Long-sought particle finally found
Physicists previously predicted the existence of the Xi-cc, but it wasn't clear what the mass of the particle would be; nobody knew if the theoretical predictions were correct.
As it happened, the theories were right — the mass was what it was supposed to be. "If there were anomalies, uncharted interactions among the quarks, they might show up as the masses being off from predictions," said Jonathan Rosner, an emeritus professor of physics at the University of Chicago who outlined a theoretical mass for the Xi in 2014.
The mass of the Xi turned out to be about 3,621 MeV. Rosner's study got a figure that was quite close: 3,627 MeV.
An earlier experiment at Fermilab, called the Segmented Large X Baryon Spectrometer (SELEX), had appeared to find the Xi in 2002, but Rosner noted that the mass estimate seemed too low.
"They got a mass 100 MeV lower than reasonable predictions," Rosner told Live Science.
Had the LHC found such a low mass, it would have shown that there was something wrong in the Standard Model, Rosner said.
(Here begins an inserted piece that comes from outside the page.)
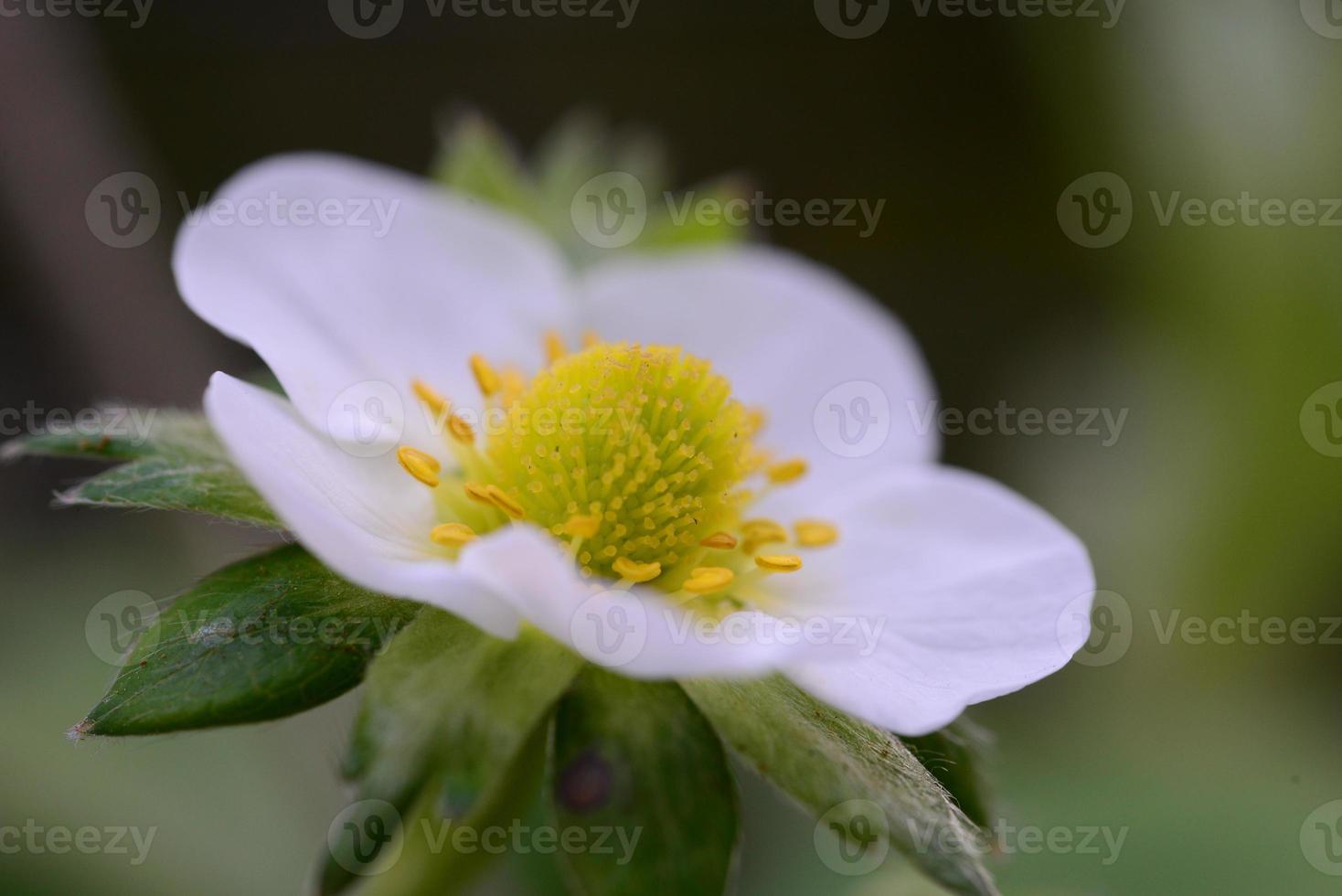 Blooming strawberries turning from blossoms to berries as a closeup photo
But that didn't happen; the Xi behaved as Rosner predicted, and the Standard Model has survived yet another experiment.
The discovery also proved baryons with two heavy quarks actually exist, something physicists couldn't say for sure until now even though the theories all said they should, according to CERN. Previous experiments had produced many particles with one heavy quark, but never two. Baryons like the Xi that have two charm quarks are called "doubly charmed."
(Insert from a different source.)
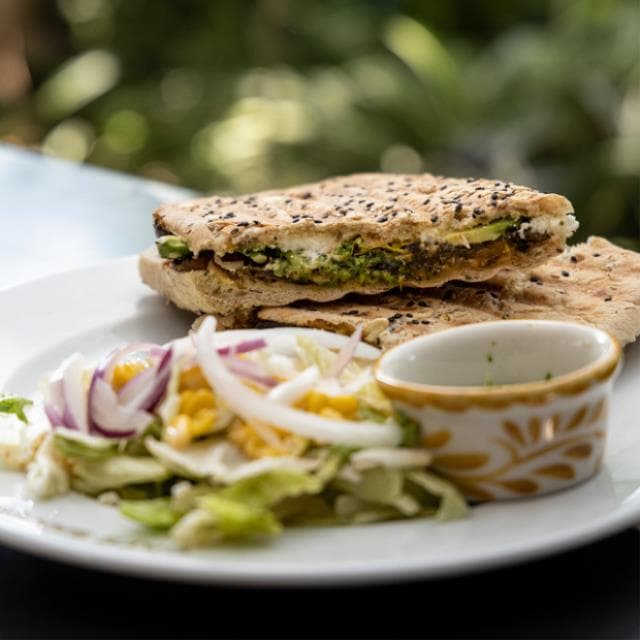 PANINI VEGETARIANO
Another weird thing about the Xi, compared to its more ordinary cousins, is that the massive charm quarks leave the lightweight up quark "orbiting" its heavier cousins. (Strictly speaking this isn't quite how things work, because quarks are quantum mechanical objects, so they don't have positions like bowling balls do, but rather behave more like waves ). In a proton, the quark masses are more similar, so they move around each other in a different way.
"In contrast to other baryons, in which the three quarks perform an elaborate dance around each other, a doubly heavy baryon is expected to act like a planetary system, where the two heavy quarks play the role of heavy stars orbiting one around the other, with the lighter quark orbiting around this binary system," Guy Wilkinson, former spokesperson for an LHC experiment called LHCb, said in a statement.
The findings could bring new insights about the strong interaction , the force that binds particles together, researchers said.
"Finding a doubly-heavy-quark baryon is of great interest as it will provide a unique tool to further probe quantum chromodynamics, the theory that describes the strong interaction, one of the four fundamental forces," Giovanni Passaleva, spokesperson for the LHCb collaboration, said in a statement. "Such particles will thus help us improve the predictive power of our theories."
The study outlining the results has been submitted to the journal Physical Review Letters.